Evaluating Patient Safety Risks in Generative AI: Development and Validation of a FMECA Framework for Generated Clinical Content

arXiv cs.AI / 5/7/2026

💬 OpinionModels & Research

Key Points

  • The paper addresses a gap in structured patient-safety risk assessment methods for LLM-generated clinical text, proposing an FMECA-based approach tailored to generated summaries.
  • An interdisciplinary panel developed a taxonomy of 14 failure modes and adapted standard FMECA dimensions (occurrence, severity, detectability) into 5-point ordinal scales for scoring risk.
  • The framework was validated by having reviewers annotate 36 generated discharge summaries (from four patients) produced by an open LLM (GPT-OSS 120B) using real clinical data from Geneva University Hospitals.
  • Results show improved inter-rater reliability across annotation rounds, with moderate-to-substantial agreement for failure mode identification and good agreement for severity and detectability scoring.
  • Usability and content validity were supported by an adapted System Usability Scale, yielding a mean SUS score of 79.2/100 and high evaluator confidence.

Abstract

Objectives: Large language models (LLMs) are increasingly used for clinical text summarization, yet structured methods to assess associated patient safety risks remain limited. Failure Mode, Effects, and Criticality Analysis (FMECA) provides a proactive framework for systematic risk identification but has not been adapted to LLM-generated clinical content. This study aimed to develop and validate a novel FMECA framework for the prospective assessment of patient safety risks in LLM-generated clinical summaries. Materials and Methods: An interdisciplinary expert panel (n = 8) developed a taxonomy of failure modes through literature review and brainstorming.

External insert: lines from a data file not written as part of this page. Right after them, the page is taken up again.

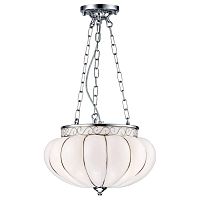 подвесной светильник arte lamp venezia a2101sp-4wh в Оренбурге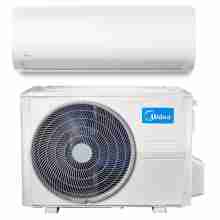Спліт-система інверторна Midea Xtreme Save ECO AG-07N8C2F-I/AG-07N8C2F-O
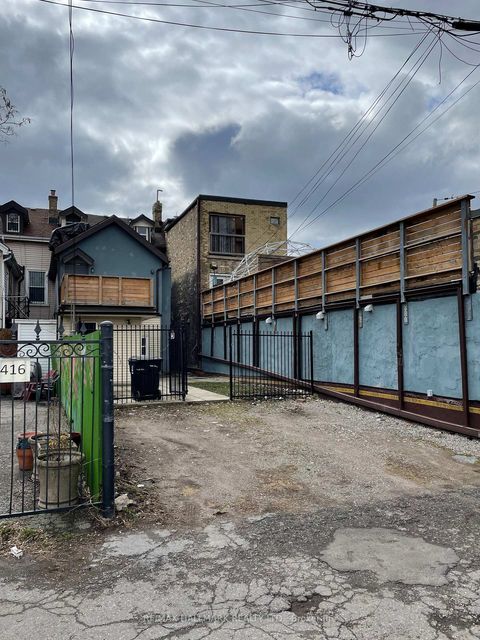 Photo 36 at 414 Dundas Street E, Moss Park, Toronto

Standard FMECA dimensions (occurrence, severity, detectability) were adapted into 5-point ordinal scales. The framework was applied to 36 discharge summaries from four patients, generated by an open LLM (GPT-OSS 120B) using real-world clinical data from the Geneva University Hospitals. Reviewers independently annotated the summaries across two rounds. Inter-rater reliability was assessed at failure mode, severity and detectability score levels. Usability and content validity were evaluated using an adapted System Usability Scale and structured feedback. Results: The final framework comprised 14 failure modes organized into categories. Inter-rater agreement improved between rounds, reaching moderate-to-substantial agreement for failure mode identification and good agreement for severity and detectability scoring. Usability was rated as good (mean SUS: 79.2/100), with high evaluator confidence. Discussion and Conclusion: This study presents the first FMECA-based framework for systematic patient safety risk assessment of LLM-generated clinical summaries. The framework provides a structured and reproducible method for identifying clinically relevant risks caused by these summaries.